The International Criminal Court starts its second trial Tuesday, focusing on a massacre that left more than 200 people dead and laid waste to their village in eastern Congo in 2003.Germain Katanga and Mathieu Ngudjolo are charged with three crimes against humanity and seven war crimes, including murder, rape, sexual enslavement and pillage for allegedly commanding the fighters responsible for the attack.
Prosecutors say they led two mobs of child soldiers and older militiamen who destroyed the village of Bogoro in Congo's mineral-rich Ituri province on Feb. 24, 2003, hacking to death many of their victims with machetes.
Women were raped and killed or taken as sexual slaves by the attackers, according to the indictment.
Fidel Nsita Luvengika, representing hundreds of victims, said Monday establishing the truth will allow them to mourn slain family members.
"Many victims don't know where their children are buried," he told reporters.
The court's rules allow victims to take part in trials and claim compensation for their suffering.
Victims in this case also include 10 former child soldiers forced qto take part in the attack. Their Belgian lawyer, Jean-Louis Gilissen, said he hopes the trial will allow them to rebuild their shattered lives.
"The reparation they are seeking is simply to have a future," he said.
The court's chief prosecutor, Luis Moreno Ocampo, said the Ituri conflict was part of a civil war that raged in Congo in the aftermath of neighboring Rwanda's 1994 genocide.
Prosecutors plan to call 26 witnesses to support their case. In an indication of the ongoing climate of fear in Ituri, 21 of them will testify with their identities shielded from the public.
Prosecutors say Katanga, 31, led the Patriotic Resistance Force in Ituri, while Ngudjolo, 39, commanded the National Integrationist Front. Both are expected to enter pleas of not guilty.
One of Katanga's attorneys, Andreas O'Shea, said his client, "shares and sympathizes with the grief of the victims."
Ngudjolo's lawyer Jean-Pierre Kilenda said his client rejects the charges. "At no time did he concoct any criminal scheme to raze Bogoro village," Kilenda said.
The only other trial under way at the court, which began operations in 2002, also focuses on an alleged Congolese warlord active in Ituri, Thomas Lubanga, who is charged with recruiting and using child soldiers.

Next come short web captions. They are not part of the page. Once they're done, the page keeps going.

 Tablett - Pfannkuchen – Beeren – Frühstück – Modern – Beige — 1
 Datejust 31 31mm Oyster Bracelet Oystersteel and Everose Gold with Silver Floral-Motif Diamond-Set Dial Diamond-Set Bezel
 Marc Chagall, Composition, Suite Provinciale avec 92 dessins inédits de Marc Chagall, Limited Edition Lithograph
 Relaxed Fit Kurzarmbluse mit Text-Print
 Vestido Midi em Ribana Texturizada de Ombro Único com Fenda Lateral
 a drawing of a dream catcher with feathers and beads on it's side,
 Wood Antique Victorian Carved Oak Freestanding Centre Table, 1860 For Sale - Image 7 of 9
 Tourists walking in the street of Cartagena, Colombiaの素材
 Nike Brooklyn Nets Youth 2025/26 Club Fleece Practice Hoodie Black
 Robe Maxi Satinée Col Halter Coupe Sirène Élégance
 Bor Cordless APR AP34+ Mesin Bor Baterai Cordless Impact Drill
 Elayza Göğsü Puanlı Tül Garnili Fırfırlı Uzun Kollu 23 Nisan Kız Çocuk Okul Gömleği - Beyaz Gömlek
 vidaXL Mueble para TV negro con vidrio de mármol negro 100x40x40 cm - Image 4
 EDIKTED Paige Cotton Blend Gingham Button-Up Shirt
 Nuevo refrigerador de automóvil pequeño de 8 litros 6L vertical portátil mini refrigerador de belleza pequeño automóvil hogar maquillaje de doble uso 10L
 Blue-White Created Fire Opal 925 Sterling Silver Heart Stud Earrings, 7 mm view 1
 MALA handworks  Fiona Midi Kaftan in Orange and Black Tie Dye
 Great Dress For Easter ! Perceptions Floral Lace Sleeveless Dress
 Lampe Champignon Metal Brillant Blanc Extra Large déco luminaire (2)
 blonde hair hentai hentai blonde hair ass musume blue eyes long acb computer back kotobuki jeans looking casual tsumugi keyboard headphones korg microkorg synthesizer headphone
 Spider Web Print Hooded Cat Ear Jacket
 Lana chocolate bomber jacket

Former Congolese Vice President Jean-Pierre Bemba is in custody and is scheduled to go on trial next year for alleged crimes in the Central African Republic.
Others indicted by the court include Sudan's President Omar al-Bashir and two other Sudanese charged with atrocities in Darfur and the leaders of brutal Ugandan rebel group the Lord's Resistance Army. A former Lubanga supporter, Bosco Ntaganda, also has been indicted but remains at large in Congo.